Directions for this task. Leave the pictures out and print every record below exactly as it stands.

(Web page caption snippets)
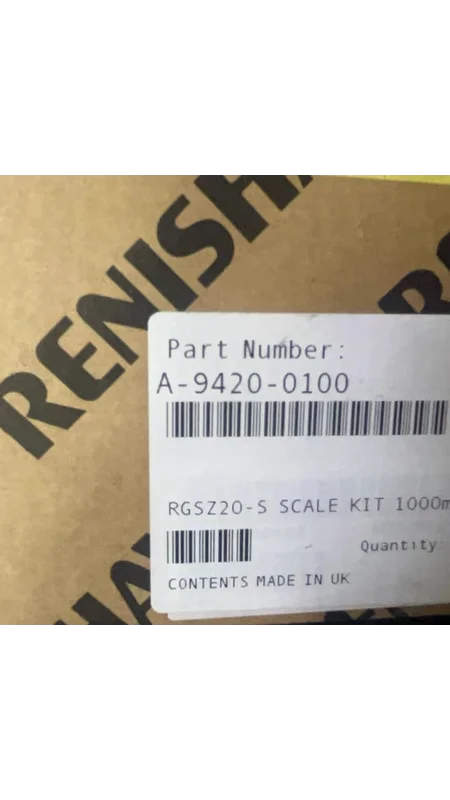 Original And Genuine Renishaw Grating Ruler A-9420-0100 Reading Head T1030 Isolation Calibration Gasket RGSZ20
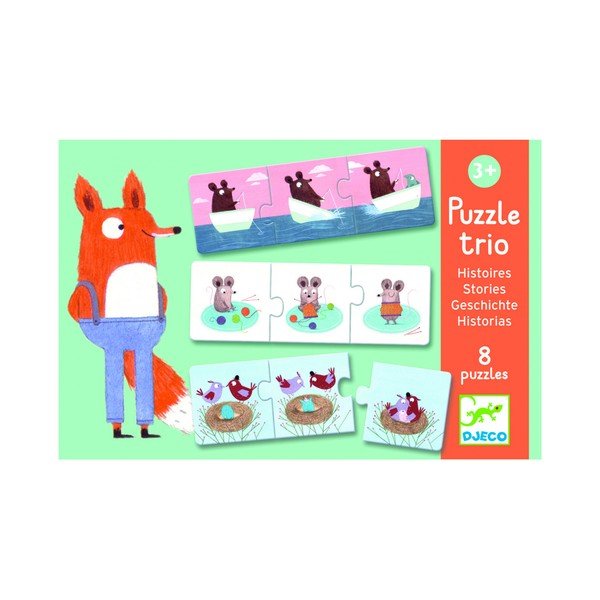 Laste mõistatus Trio lood - Djeco-image-1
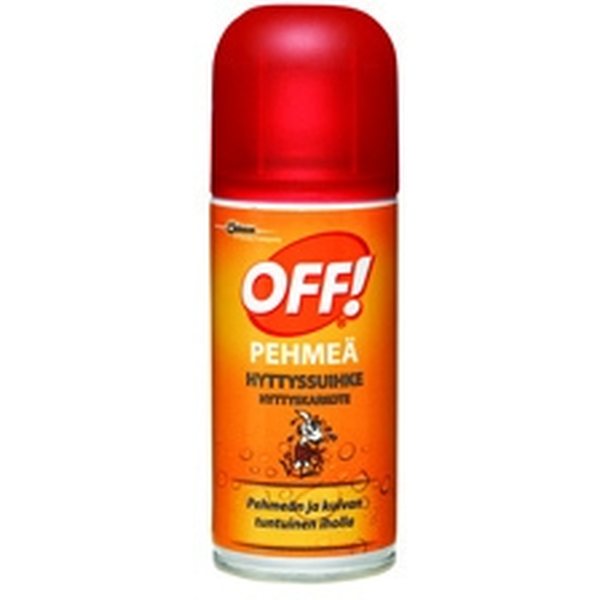 OFF! Active mosquito spray 100 ml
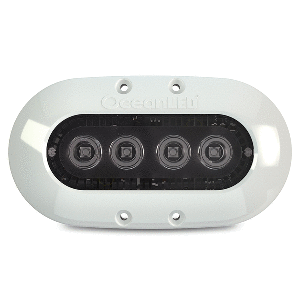 OceanLED X4 Series Underwater Lighting - White Bezel - Colours
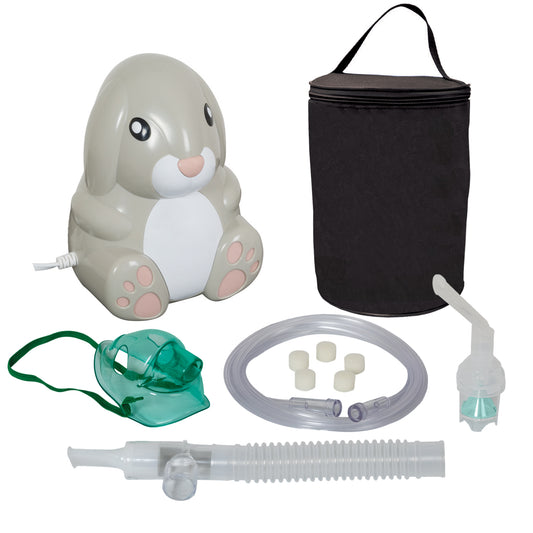 PEDIATRIC NEB COMPRESSOR W/ DISP & REUS NEB KIT & BAG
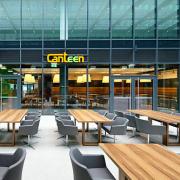 ArchitektInnen / KünstlerInnen: Auer Weber<br>Projekt: Rivergate Office Center<br>Format: digital<br>Lieferformat: Digital<br>Bestell-Nummer: 100924-51<br>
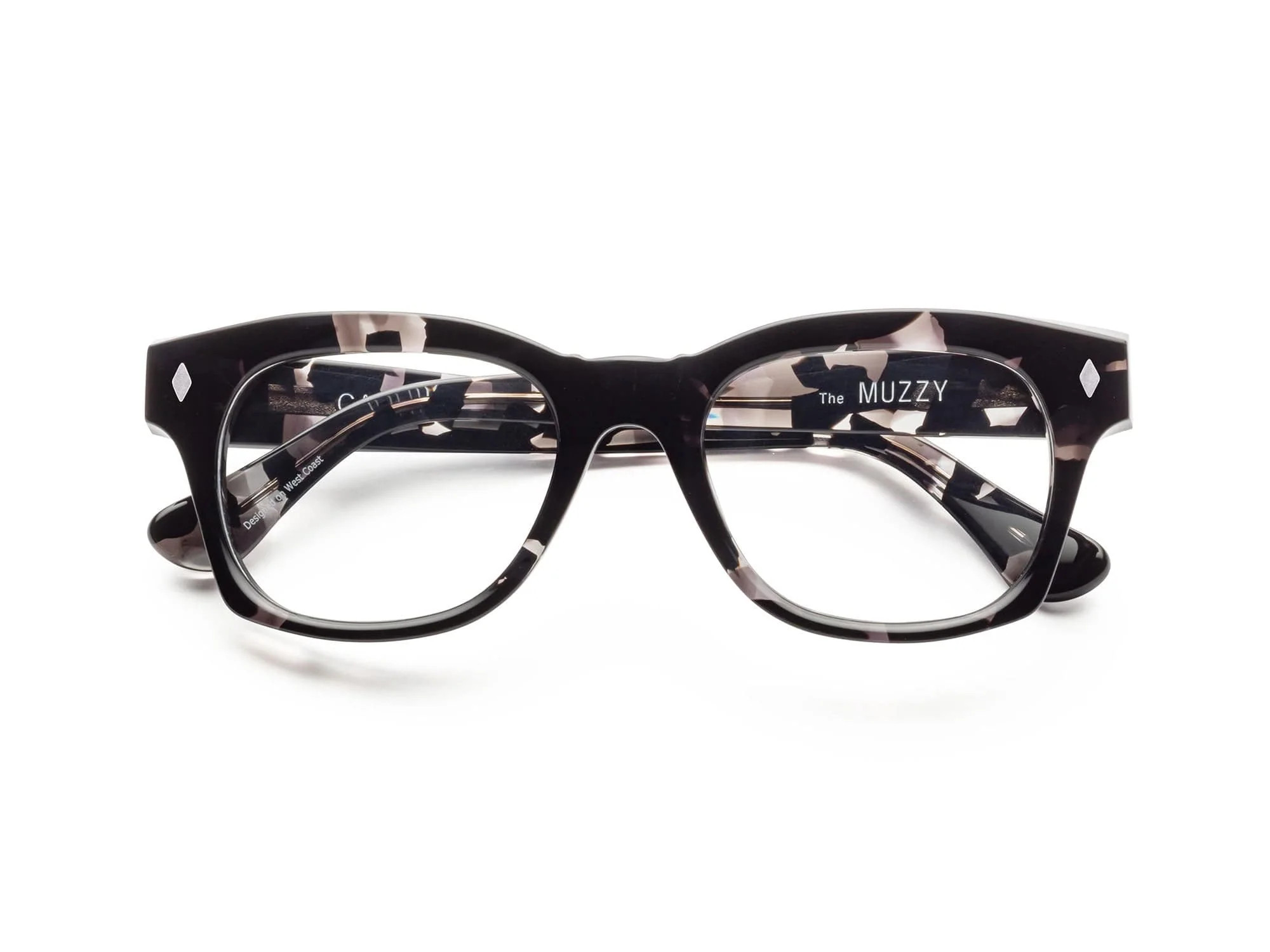 Muzzy Prescription Glasses - Black Tortoise | Caddis | CADDIS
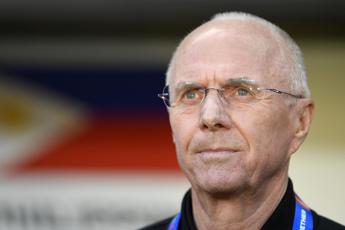 E morto Sven Goran Eriksson allenatore aveva 76 anni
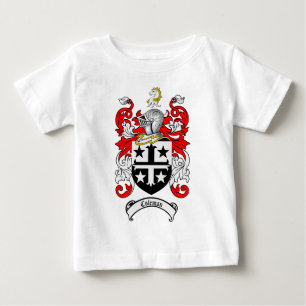 T-SHIRT POUR BÉBÉ LE CREST DE FAMILLE DE COLEMAN - MANTEAU DE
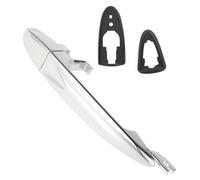ELCEAMMDLW Door Handle Shell for Lancia for Ypsilon for Destra 2003-2011 Car Door Handle Repair Exterior Front Right 735434132 735409024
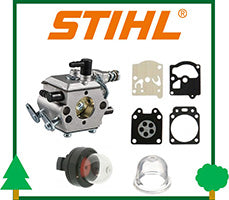 Kit Membrane Guarnizioni Carburatore Bulbo Primer STIHL serie riparazione ricambi LCVERDE.com Membrana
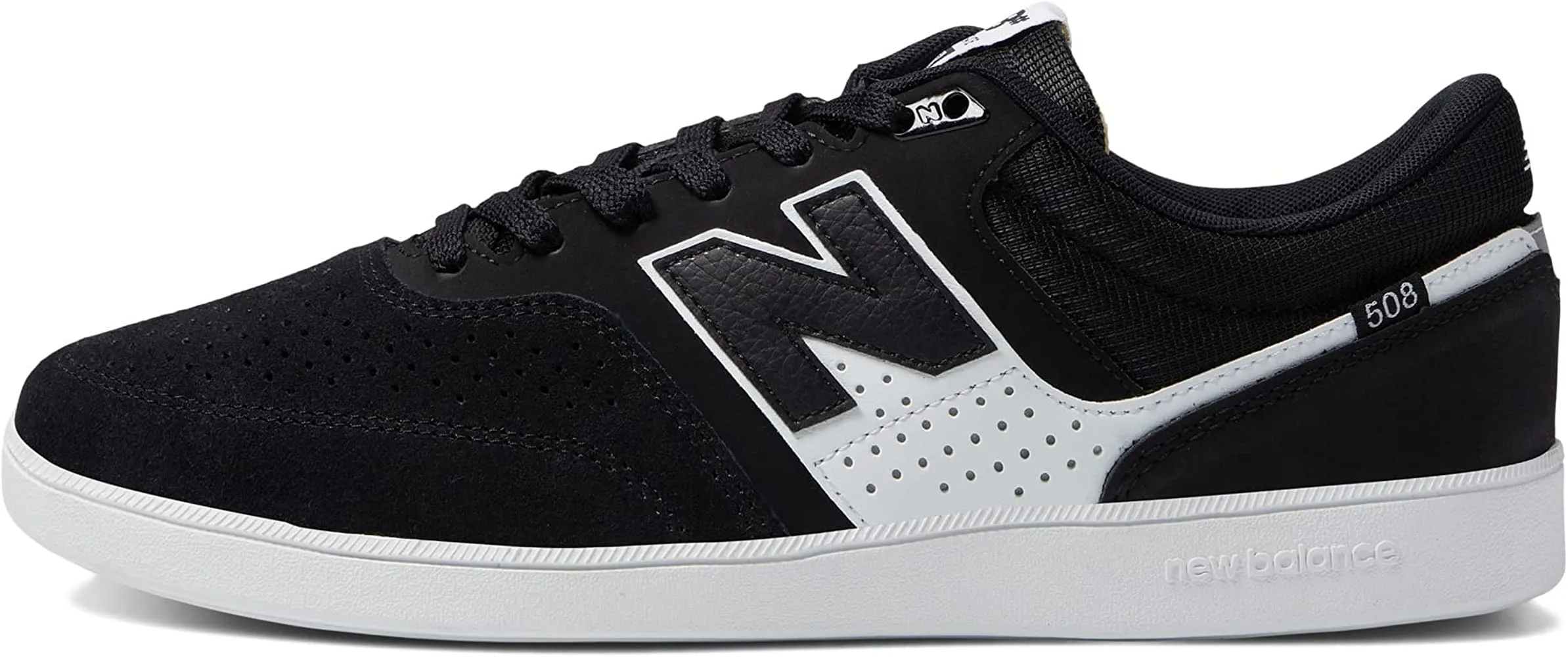 NEW BALANCE 508 BLACK WHITE 8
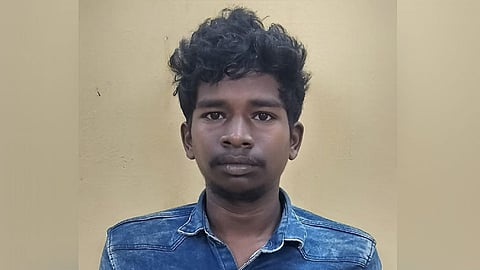கஞ்சா விற்ற வாலிபர் கைது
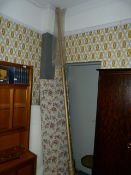 Ten Foot Wood Curtain Pole with Rings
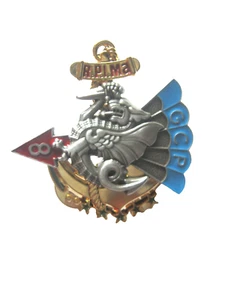 PARACHUTISTES INFANTERIE DE MARINE COMMANDO 8° RPIMa LES GCP CHUTEURS OPS - Imagen 1 de 2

Solution for this task.
 Original And Genuine Renishaw Grating Ruler A-9420-0100 Reading Head T1030 Isolation Calibration Gasket RGSZ20
 Laste mõistatus Trio lood - Djeco-image-1
 OFF! Active mosquito spray 100 ml
 OceanLED X4 Series Underwater Lighting - White Bezel - Colours
 PEDIATRIC NEB COMPRESSOR W/ DISP & REUS NEB KIT & BAG
 ArchitektInnen / KünstlerInnen: Auer Weber<br>Projekt: Rivergate Office Center<br>Format: digital<br>Lieferformat: Digital<br>Bestell-Nummer: 100924-51<br>
 Muzzy Prescription Glasses - Black Tortoise | Caddis | CADDIS
 E morto Sven Goran Eriksson allenatore aveva 76 anni
 T-SHIRT POUR BÉBÉ LE CREST DE FAMILLE DE COLEMAN - MANTEAU DE
ELCEAMMDLW Door Handle Shell for Lancia for Ypsilon for Destra 2003-2011 Car Door Handle Repair Exterior Front Right 735434132 735409024
 Kit Membrane Guarnizioni Carburatore Bulbo Primer STIHL serie riparazione ricambi LCVERDE.com Membrana
 NEW BALANCE 508 BLACK WHITE 8
கஞ்சா விற்ற வாலிபர் கைது
 Ten Foot Wood Curtain Pole with Rings
 PARACHUTISTES INFANTERIE DE MARINE COMMANDO 8° RPIMa LES GCP CHUTEURS OPS - Imagen 1 de 2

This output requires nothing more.